◆ Exercise prompt: Keep the pictures out of the copy and repeat the records exactly.

◆ Available records:
Start of Block

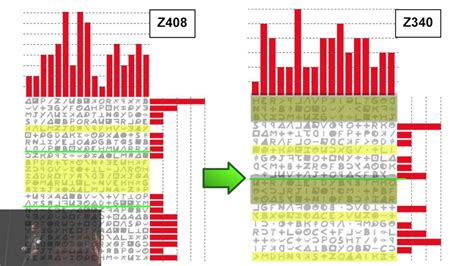 The Zodiac Ciphers - What do we know, and when do we stop trying to solve them? - YouTube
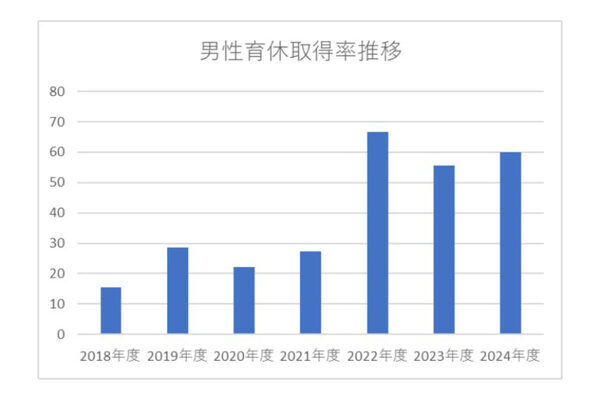 男性育休取得率6割・全員が取得期間3ヶ月以上のナリス化粧品で起きた社内の変化とは？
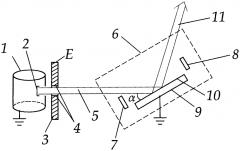 Способ создания лазерного излучения и лазер, реализующий этот способ (патент 2653567)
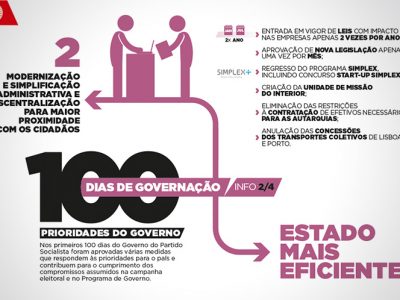 100 dias de Governação por um Estado Mais Eficiente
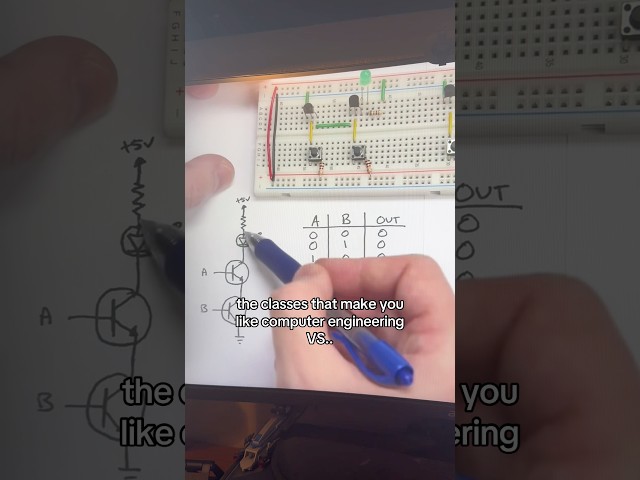 The Classes That You Like VS HATE in Computer Engineering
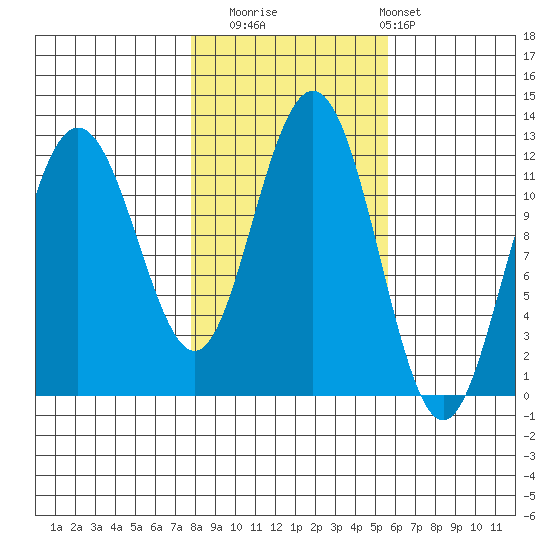Hidden Falls tide chart for Wednesday, October 22, 2025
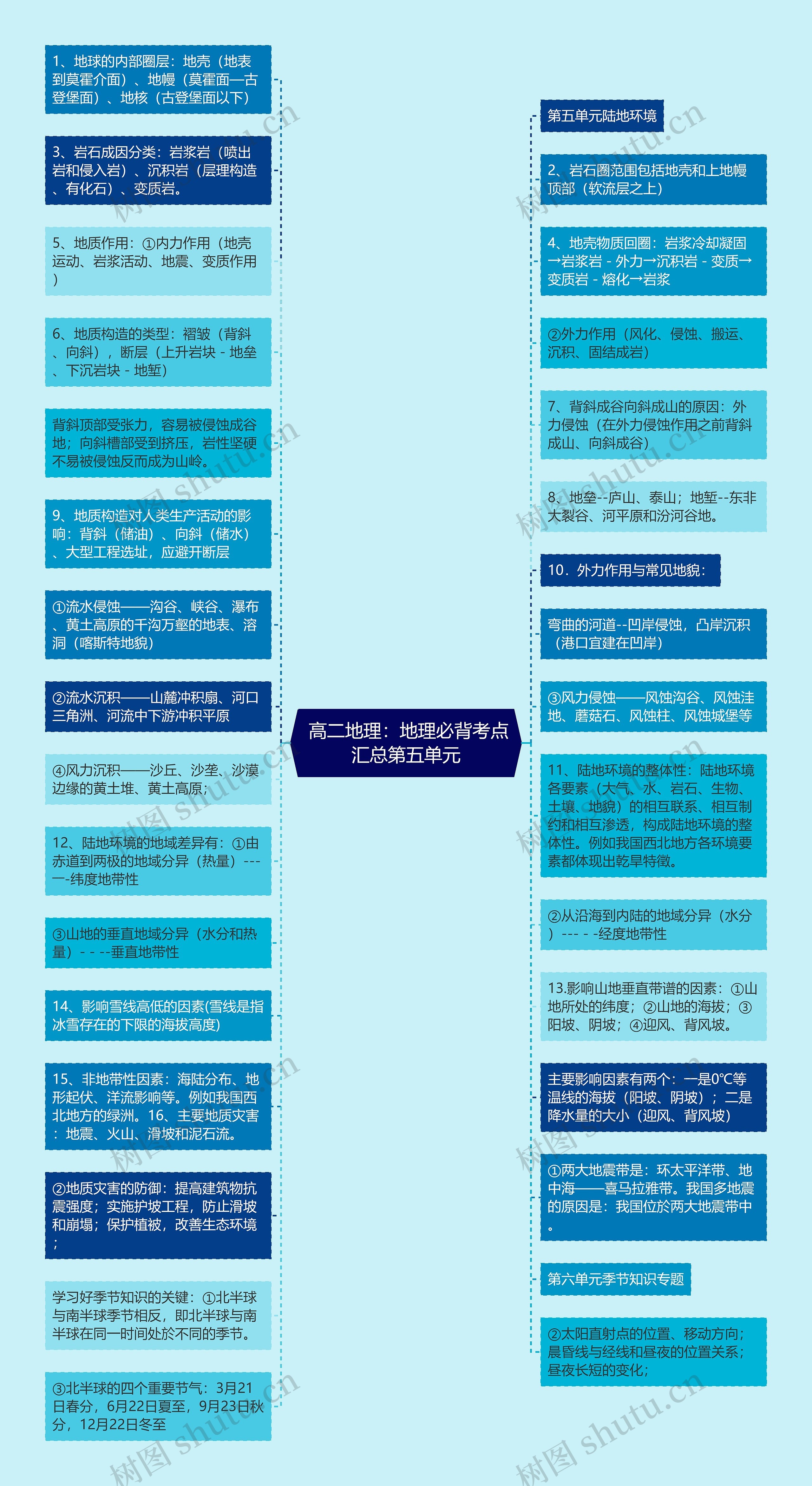  高二地理：地理必背考点汇总第五单元思维导图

End of Block

◆ Task result:
 The Zodiac Ciphers - What do we know, and when do we stop trying to solve them? - YouTube
 男性育休取得率6割・全員が取得期間3ヶ月以上のナリス化粧品で起きた社内の変化とは？
 Способ создания лазерного излучения и лазер, реализующий этот способ (патент 2653567)
 100 dias de Governação por um Estado Mais Eficiente
 The Classes That You Like VS HATE in Computer Engineering
Hidden Falls tide chart for Wednesday, October 22, 2025
  高二地理：地理必背考点汇总第五单元思维导图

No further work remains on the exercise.